Sans doute sa pratique du sport, et surtout la spectacularisation de celle-ci, correspondent-elles assez bien à une morale de la performance propre au héros américain tel qu’il est mis en valeur depuis les années 1980, et même avant. Mais ce qui est beau, avec la course, c’est qu’elle rejoint spontanément les débuts du cinéma (les films de poursuite, puis les burlesques à la Mack Sennett), qu’elle est un geste d’une grande simplicité, pas forcément le plus spectaculaire d’ailleurs, mais qu’elle permet, une fois filmée, une célébration à la fois naïve et belle du mouvement lui-même, et de sa captation par une caméra. D’une certaine manière, filmer un homme en train de courir, c’est une façon tautologique pour le cinéma de répéter ce qu’il est, et d’y prendre plaisir.

Si l’on connaît certains éléments de sa vie privée, comme son soutien à la Scientologie, il est difficile de distinguer le Tom Cruise réel de la multiplicité des rôles qu’il a incarnés. Tom Cruise existe-t-il au-delà du cinéma ?

Il y a forcément un Tom Cruise qui existe dans le même monde que moi, qui paie ses impôts et ses pensions alimentaires, qui mange, chie, dort, etc. De même que Kubrick, Hitchcock, et avant eux Monteverdi, Rembrandt ou Balzac ont foulé la même terre et respiré le même air qu’une foule d’individus moins géniaux qu’eux, et dont nous ne savons pas grand-chose.

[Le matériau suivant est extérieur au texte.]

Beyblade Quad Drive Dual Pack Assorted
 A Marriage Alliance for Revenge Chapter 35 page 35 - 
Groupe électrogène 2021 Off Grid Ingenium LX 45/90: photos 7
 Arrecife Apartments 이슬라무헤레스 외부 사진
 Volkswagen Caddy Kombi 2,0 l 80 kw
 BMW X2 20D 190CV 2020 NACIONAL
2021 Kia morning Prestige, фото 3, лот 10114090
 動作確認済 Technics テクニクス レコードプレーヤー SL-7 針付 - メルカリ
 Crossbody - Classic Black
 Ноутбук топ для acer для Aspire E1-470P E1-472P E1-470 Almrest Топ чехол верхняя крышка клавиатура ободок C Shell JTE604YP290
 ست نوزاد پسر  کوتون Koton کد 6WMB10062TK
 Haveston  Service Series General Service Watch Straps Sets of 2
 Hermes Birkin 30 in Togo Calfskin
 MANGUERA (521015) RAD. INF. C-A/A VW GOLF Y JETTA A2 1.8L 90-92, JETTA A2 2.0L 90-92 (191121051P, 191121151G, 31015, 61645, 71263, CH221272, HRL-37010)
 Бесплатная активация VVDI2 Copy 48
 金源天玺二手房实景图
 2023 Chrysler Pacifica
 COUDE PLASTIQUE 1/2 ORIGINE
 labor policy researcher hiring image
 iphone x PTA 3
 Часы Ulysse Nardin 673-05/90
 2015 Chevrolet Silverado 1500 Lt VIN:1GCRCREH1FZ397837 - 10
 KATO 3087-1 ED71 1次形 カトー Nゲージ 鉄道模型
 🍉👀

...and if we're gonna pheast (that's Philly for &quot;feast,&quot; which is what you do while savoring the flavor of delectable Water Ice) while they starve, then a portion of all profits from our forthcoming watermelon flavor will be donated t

J’avoue ne pas me passionner outre mesure pour ces gens (le Cruise réel, le Balzac réel), même si je sais bien que sans eux les artistes du même nom, qui tous me passionnent, n’auraient pas pu exister. D’abord parce que, comme je le disais plus haut, je ne pense pas être en possession des outils requis pour en dire quelque chose de véritablement intéressant. Ensuite parce que, fidèle à la leçon de Pirandello, je pense qu’ils sont de toutes façons « un, personne et cent mille », et qu’il serait bien présomptueux de me croire capable de les résumer en quelques mots qui les définissent tout entier. Enfin parce que le miracle de l’art, c’est qu’il nous offre quelque chose dont l’existence, même pour partie imaginaire, n’en est pas moins tangible, parmi nous, et qui suffit à nous nourrir, à nous émouvoir comme à nous faire réfléchir longtemps. C’est au Tom Cruise « de cinéma » que je m’intéresse, à ce qu’il apporte à son art, à la salle de projection et à ses spectateurs. D’autant que, pour aller dans votre sens, la manière dont il se dédie totalement à son art (on s’imagine sans peine apprendre sa mort lors d’une ultime cascade délirante, sans même parler de son projet de film tourné dans l’espace…) fait qu’il est difficile de lui imaginer une vie hors des plateaux de cinéma.